The History Of Broadband and Cellular
Since about 2000, the story of broadband and cellular access for older and more rural Americans is a tale of success. Whereas only 42 percent of rural citizens once were Internet users, that number rose to about 78 percent over fifteen years, according to studies conducted by the Pew Research Center.
But at least in the Central and western New York State regions—which includes approximately fifty cities from Buffalo to Rochester, Syracuse, Binghamton, and northern Pennsylvania—the story has a surprising author: Paul Griswold, CEO of Finger Lakes Technologies Group Inc. (FLTG). Griswold is the fourth-generation president of this family-owned firm, a local telephone company bought by his great-grandfather in 1920.
Few companies have remained in family hands for this long, as farmers have moved from dialing on ten-digit, rotatory phones connected by copper phone wires to checking weather apps and commodity pricing on their smartphones connected to rural cell towers that reach the Internet through fiber-optic cables.
Griswold shares credit with his company and some key customers. The critical, larger customers are banks, hospitals, and educational institutions like Cornell University, the University of Rochester, and its hospital system. The company is also a VoIP partner with Cisco Systems.
The Family Telephone Business
This is quite different from Griswold’s great-grandfather’s phone company. Perhaps, though, the same things that drove what was originally called the Ontario & Trumansburg Telephone Companies—a telephone service to rural customers that Ma Bell (Bell Telephone Co.) overlooked—are what drive it today.

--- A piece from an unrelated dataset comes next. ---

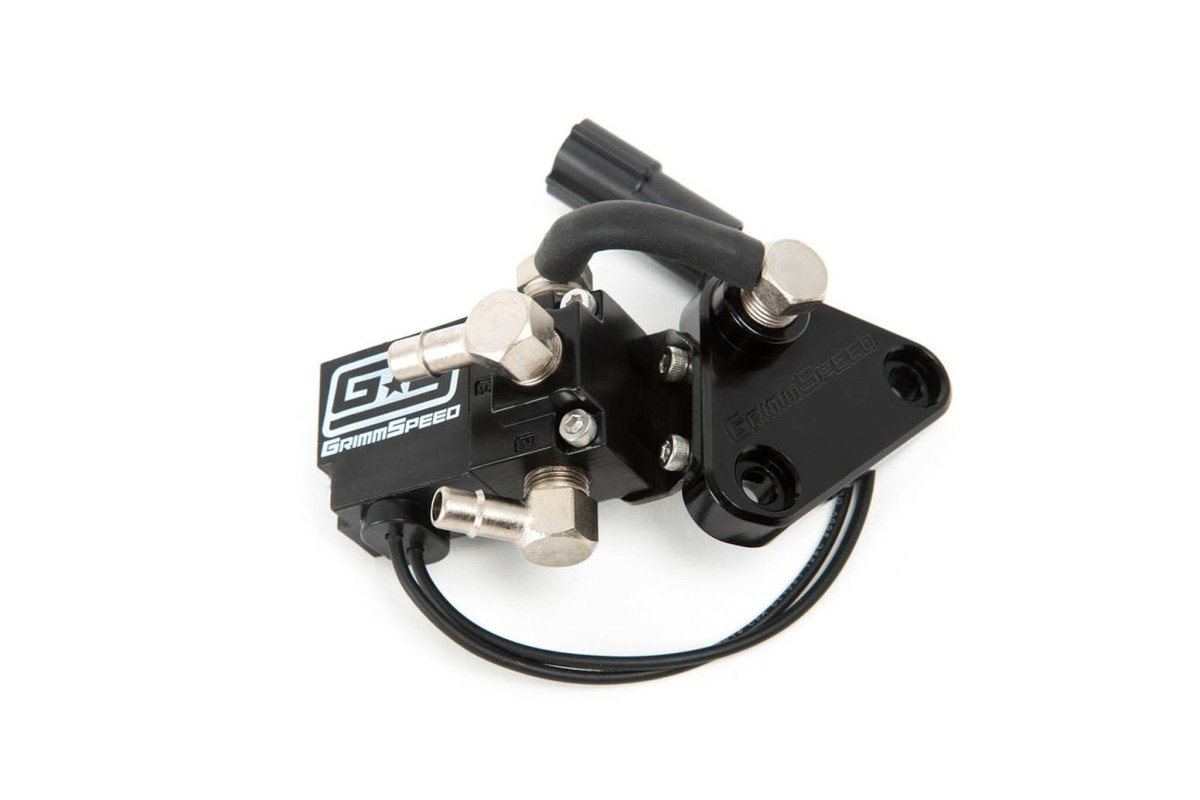 Grimmspeed Stage 1 Red Power Package WRX 15-21 | grm191010-RD - JDMuscleEngine Package Dealsgrm191010-RD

It’s always been about reliable, best-in-class communications access.
Arguably, Griswold’s father and grandfather didn’t have to deal with changes as fast as they’ve come in the past twenty years. However, they did face challenges he hasn’t, like the ice storm of 1940. “It was massive,” Griswold says. “There were so many wrecked lines; it flattened our outside plant. We lost revenues for more than one year, but we rebuilt.”

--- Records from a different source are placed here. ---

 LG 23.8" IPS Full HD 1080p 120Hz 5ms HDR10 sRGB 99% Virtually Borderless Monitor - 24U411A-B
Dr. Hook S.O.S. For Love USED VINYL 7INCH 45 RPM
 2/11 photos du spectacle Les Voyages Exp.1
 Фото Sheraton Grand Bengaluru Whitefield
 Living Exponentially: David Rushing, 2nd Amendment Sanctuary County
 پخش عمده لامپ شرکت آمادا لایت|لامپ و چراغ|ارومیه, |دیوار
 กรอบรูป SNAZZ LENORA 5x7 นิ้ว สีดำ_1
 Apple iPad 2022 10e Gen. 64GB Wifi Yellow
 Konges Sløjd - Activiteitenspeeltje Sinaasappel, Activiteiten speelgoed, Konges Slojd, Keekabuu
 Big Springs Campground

And they keep on building. The twenty-first-century fiber-optic network, in fact, takes advantage of the FLTG legacy of phone lines on poles and in public and private right-of-ways. The firm also has a breadth of administrative capabilities that are needed to establish, expand, and manage such a system.

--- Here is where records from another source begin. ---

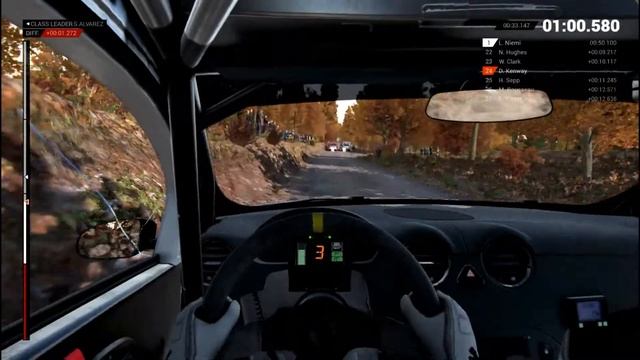 Dirt 4 : Part 01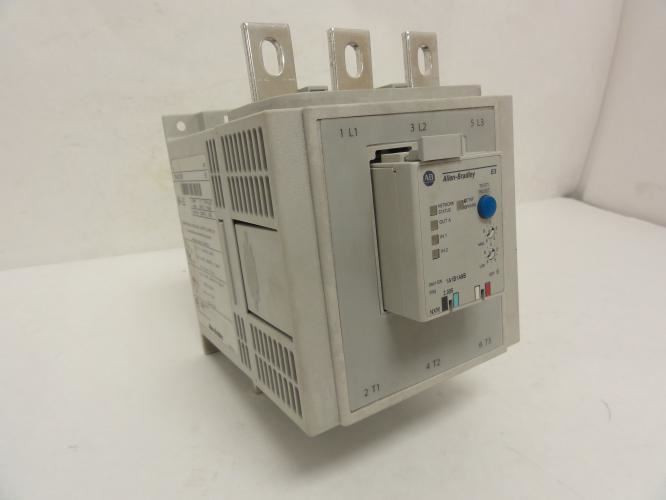 Allen-Bradley 193-EC1GF; Overload Relay 42-210A 3P; 600V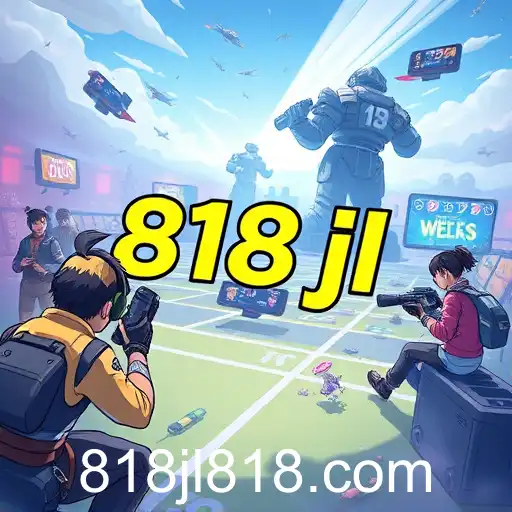 The Rise of 818jl in the Gaming World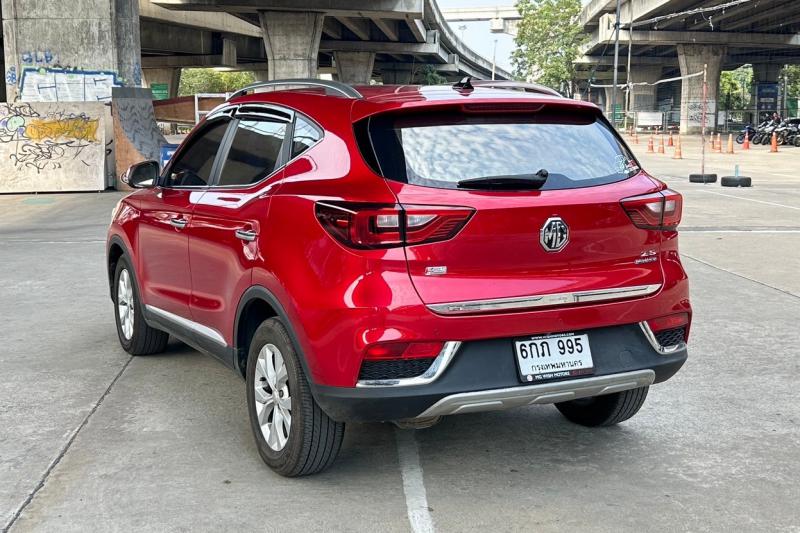 MG ZS 2018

That said, the path to 2017 was hardly clear and sure. “We modernized all along, despite the fact we were rural,” Griswold says. There were once scores of family-owned, independent phone companies across the state. Over time, many sold out because expensive adaptations to technological challenges were required and not everyone was willing to take it on.
Modernization seen on the user side—from rotary dial to push-button phones, and later a dial-up ISP that graduated to fiber optics—was met with the evolution of technology that Griswold provided. However, modernizing a system that currently covers 2,500 miles is no small decision. Installing fiber-optic cable costs between $25,000 and $30,000 per mile, which can be hard to make profitable. “Towns within FLTG’s rural markets are 15-20 miles apart,” Griswold says. “You have to connect the businesses to each neighboring town.” This network, funded entirely by FLTG, needed large customers to get things started.
Connecting Universities
The two biggest catalysts to FLTG modernization were Cisco and Cornell. “We started selling Cisco products in 2000,” Griswold says, sharing how the quality of the company’s engineers has been an asset in building that partnership. The company was the first in the state to install Cisco IP Telephony Systems, which allows flexible telephone solutions for customers.
Just as important, Cornell needed a network to connect remote research facilities for its agriculture school.
When FLTG inked the Ivy League university’s multimillion-dollar deal, it transformed the company—and the surrounding community. Businesses in Ithaca, New York, where Cornell is based, got access to a world-class fiber network that was affordable thanks to the university installation. The same thing happened later for the residents of Rochester, when the University of Rochester and its hospital affiliate needed fiber-optic connectivity for multiple buildings spread throughout numerous cities.
The rapid pace of change in connective technologies, including the advent of wireless, isn’t daunting to Griswold. A confirmed gadget geek, he’s personally an early adopter. “I am the first person to get things like the Apple Watch and iPhones,” he says. “I like to see how it works and how easy it is to understand.”
He is also attentive to technological changes and details that affect his business. It’s part of what enables FLTG to evolve in sync with the IT capabilities of large and small customers, including using the company’s fiber network to serve far-flung cell towers. In 2016, the company added more than ten cities to its network, and the growth plans for 2017 are just as aggressive while other providers are retracting.
Another way FLTG leverages something from the past into technologies of the present is the company’s Finger Lakes Technologies Group Park. Sprawling over eight hundred acres in Romulus, New York, the retired Seneca Army Depot includes sixty-four blast-hardened, ground-level, earth-berm storage bunkers that were originally built during the Cold War era. The company now leases them out for colocated data centers and warehousing functions.
Turning something from a past era into a modern asset is something Griswold and FLTG know how to do—probably because he and the company have the right attitude. “I love change,” he says. “It keeps us adaptable to the new technologies that are coming out.”